Daha önce Mersin’de gerçekleşen saldırının, bu provokasyonun anlatısını güçlendirecek bir arka plan oluşturduğu da unutulmamalı; sonrasında yaşanan tartışmalarda alınan konumlar da 13 Kasım sonrasında yeniden gözden geçirilmelidir. Demokrasi güçlerinin bir tür Sırat Köprüsü üzerinde yürüdükleri bu dönemde taktik dağınıklığa yol açacak eylem ve tartışmaların yaratabileceği tahribatın önüne geçmek için azami dikkat göstermek gerekmektedir.

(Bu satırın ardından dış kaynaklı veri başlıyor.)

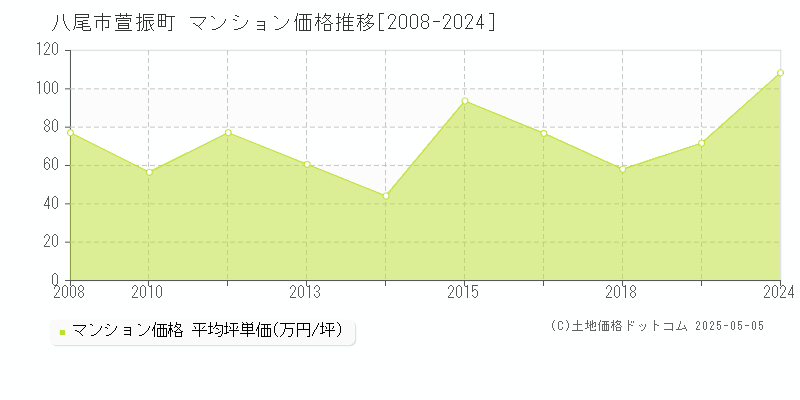 八尾市萱振町のマンション価格推移グラフ 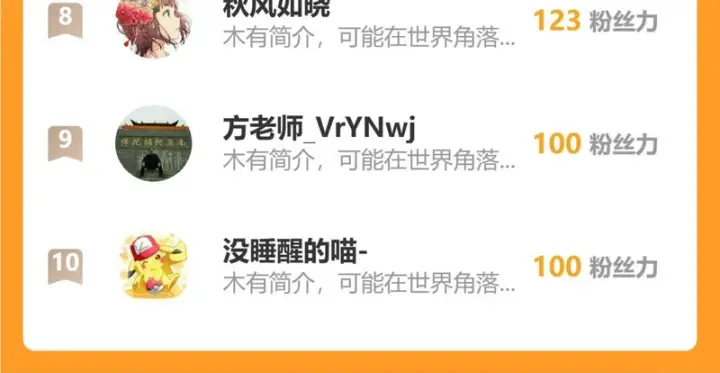 《全民末日：我，病毒君王》第108话 参加初拥之礼图128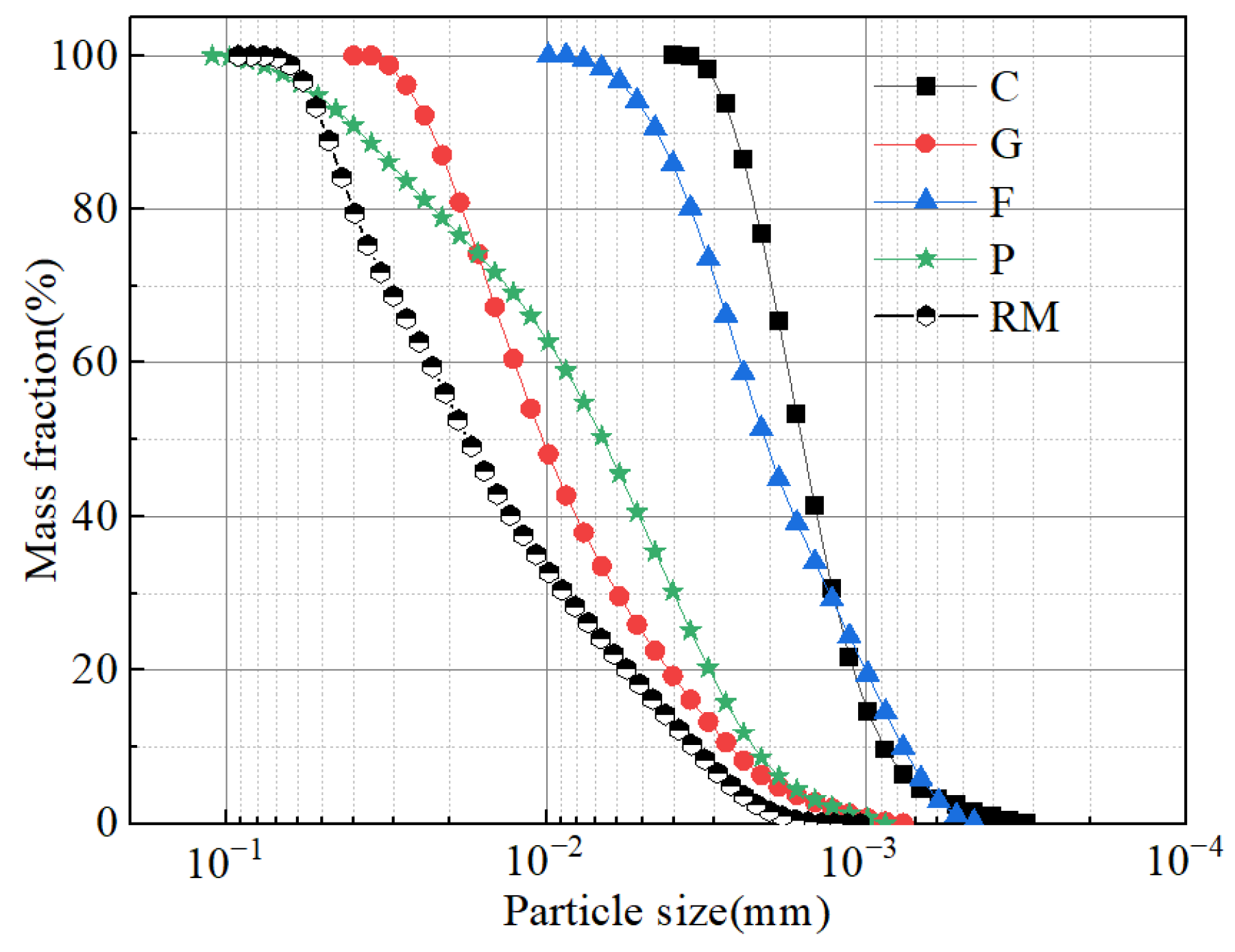 Materials 18 00592 g003 Materials 18 00592 g003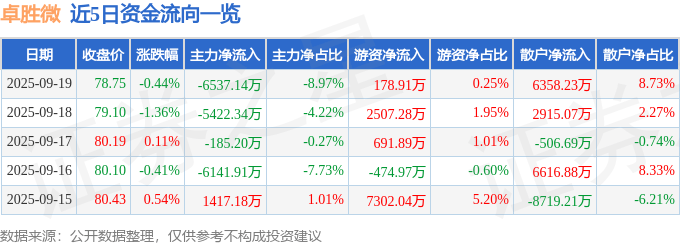 股票行情快报：卓胜微（300782）9月19日主力资金净卖出6537.14万元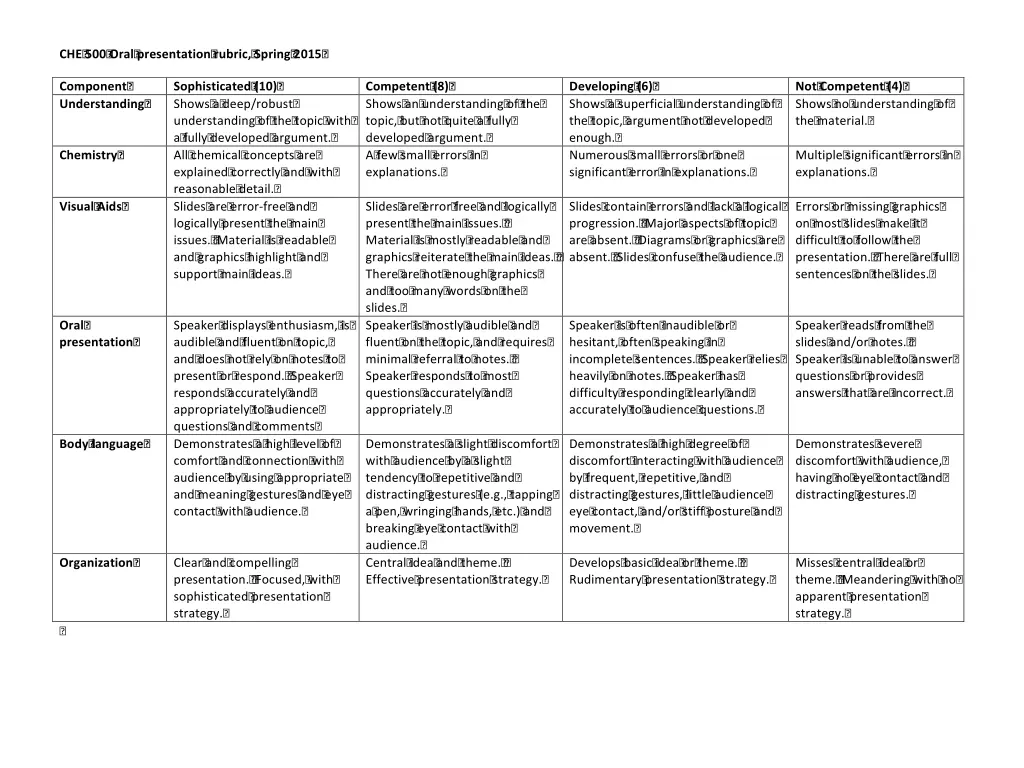 che 500 oral presentation rubric spring 2015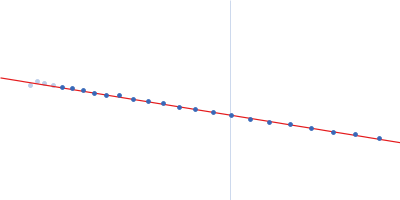 Isoform A1B1 of Teneurin-3 Guinier plot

Devletin tarihi, provokasyonlarla yönetme tarihidir. Hiçbir yasaklama ve susturma çabası bu gerçeği değiştiremez. Devlet el yükselttiğinde toplumsal muhalefet sinerse inisiyatif kaybı kaçınılmazdır. Ancak provokasyon girişimlerinin boşa çıkarılabilmesi iktidarın momentum kazanmasının engellenebilmesi için bir zorunluluktur. Böylesi kritik bir momentte iktidarın provokasyon arka planı olarak geliştirdiği hikayeye soldan komünist etiketli su taşıma girişimlerinin de bir hata olarak görülmemesi gerekir. Bu da bir siyaset yapma biçimidir. Böylesi kritik anlarda egemen sınıfın temel taktik duruşuna eklemlenmenin mükafatlarından yararlanarak etki alanını genişletmek bir bilinçli politik tercihtir. Güler-Okuyan ekibi F tipine geçiş sürecinde nasıl bir rol oynadılarsa bugün de benzeri bir işe kalkışmaktadırlar. Kemalizm etkilenimiyle sola meyleden genç yığınların bu gerici konakta hapsedilmesini engellemek dönemin önemli bir politik görevidir.
Ne yaşarsak yaşayalım, unutulmaması gereken düstur hala önemini korumaktadır: Dengeleri değiştirmek için sınıf hareketinin devreye girmesi zorunluluktur.